FIRST and FOLLOW sets of the modified grammar

Start with FIRST sets. The computation completes in these 3 phases:

Initially we have
these sets:
FIRST(E) = {}
FIRST(E′) = {ε}
FIRST(T) = {} 
FIRST(T′) = {ε} 
FIRST(F) = {}
Use the right sides
of E', T', F to get:
FIRST(E) = {} 
FIRST(E′) = {+,ε} 
FIRST(T) = {} 
FIRST(T′) = {*,ε} 
FIRST(F) = {(,a}
Use the right sides
of T, then E to get:
FIRST(E) = {(,a} 
FIRST(E′) = {+,ε} 
FIRST(T) = {(,a} 
FIRST(T′) = {*,ε} 
FIRST(F) = {(,a}

Next compute FOLLOW sets. Start here:
FOLLOW(E) = {$}
FOLLOW(E′) = {} 
FOLLOW(T) = {} 
FOLLOW(T′) = {} 
FOLLOW(F) = {}
Then consider effects of these rules:
   E → TE′: FOLLOW(E) ⊆ FOLLOW(E′)
   E' → +TE′: FIRST(E′) - {ε} = {+} ⊆ FOLLOW(T)
   T → FT′: FOLLOW(T) ⊆ FOLLOW(T′)
FOLLOW(E) = {$}
FOLLOW(E′) = {$} 
FOLLOW(T) = {+} 
FOLLOW(T′) = {+} 
FOLLOW(F) = {}
Continuing,
   F → (E): FIRST(')') ⊆ FOLLOW(E)
   T′ → *FT′: FIRST(T′) - {ε} = {*} ⊆ FOLLOW(F)
FOLLOW(E) = {$,)}
FOLLOW(E′) = {$} 
FOLLOW(T) = {+} 
FOLLOW(T′) = {+} 
FOLLOW(F) = {*}
Continuing,
   E → TE′: FOLLOW(E) ⊆ FOLLOW(E′).
   E′ → +TE′: FOLLOW(E′) ⊆ FOLLOW(T) since ε ∈ FIRST(E′)
FOLLOW(E) = {$,)}
FOLLOW(E') = {$,)} 
FOLLOW(T) = {+,$,)} 
FOLLOW(T') = {+} 
FOLLOW(F) = {*}
Continuing,
   T → FT': FOLLOW(T) ⊆ FOLLOW(T′):
   T' → *FT': FOLLOW(T') ⊆ FOLLOW(F), since ε ∈ FIRST(T')
FOLLOW(E) = {$,)}
FOLLOW(E') = {$,)} 
FOLLOW(T) = {+,$,)} 
FOLLOW(T') = {+,$,)} 
FOLLOW(F) = {*,+,$,)}

The modified expression grammar is LL(1)

There are 3 rules with choices:
E′ → + T E′ | ε
T′ → * F T′ | ε
F  → a | ( E )
There are these things to verify:
FIRST(+ T E′) ∩ FIRST(ε) = ∅
FIRST(* F T′) ∩ FIRST(ε) = ∅

FIRST( a ) ∩ FIRST( "( E )" ) = 
{a} ∩ { ( } = ∅

ε ∈ FIRST(E′) and 
FIRST(+ T E′) ∩ FOLLOW(E′) = 
{+} ∩ { $, ) } = ∅ 

ε ∈ FIRST(T′) and
FIRST(* F T′) ∩ FOLLOW(T′) = 
{*} ∩ { +, $, ) } = ∅ 

Sample usage

Here is the derivation of the string
a + a * a $
stepstackinputrule
0Ea + a * a $
1T E′a + a * a $E → T E′
2F T′ E′a + a * a $T → F T′
3a T′ E′a + a * a $F → a
4T′ E′+ a * a $
5E′+ a * a $T′ → ε
6+ T E′+ a * a $E′ → + T E′
7T E′a * a $
8F T′ E′a * a $T → F T′
9a T′ E′a * a $F → a
10T′ E′* a $
11* F T′ E′* a $T′ → * F T′
12F T′ E′a $
13a T′ E′a $F → a
14T′ E′$
15E′$T′ → ε
16$E′ → ε
The marked steps signify replacements made where there is more than one rule choice.

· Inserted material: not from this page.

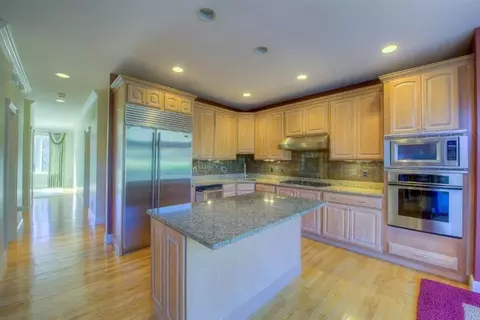 53 Eagle Dr, Mashpee, MA 02649 photo 16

Here is the logic for which rule to use: Here is a portion of the DPDA for the lookahead parsing. As you see, we have to get the E′ and T′ rules out of the loop at q and make a decision to use these based on the lookahead.
One issue with LL(1) parsing is that, even though our rewritten grammar can parse the string, what about creating a abstract syntax tree for the original grammar?

LR parsing

If you think about it, going from bottom up actually makes the ambiguity determination much simpler. Parse trees are created from bottom up, and we should be able to tell at each point whether there are two possible parse trees for a given portion of the token string.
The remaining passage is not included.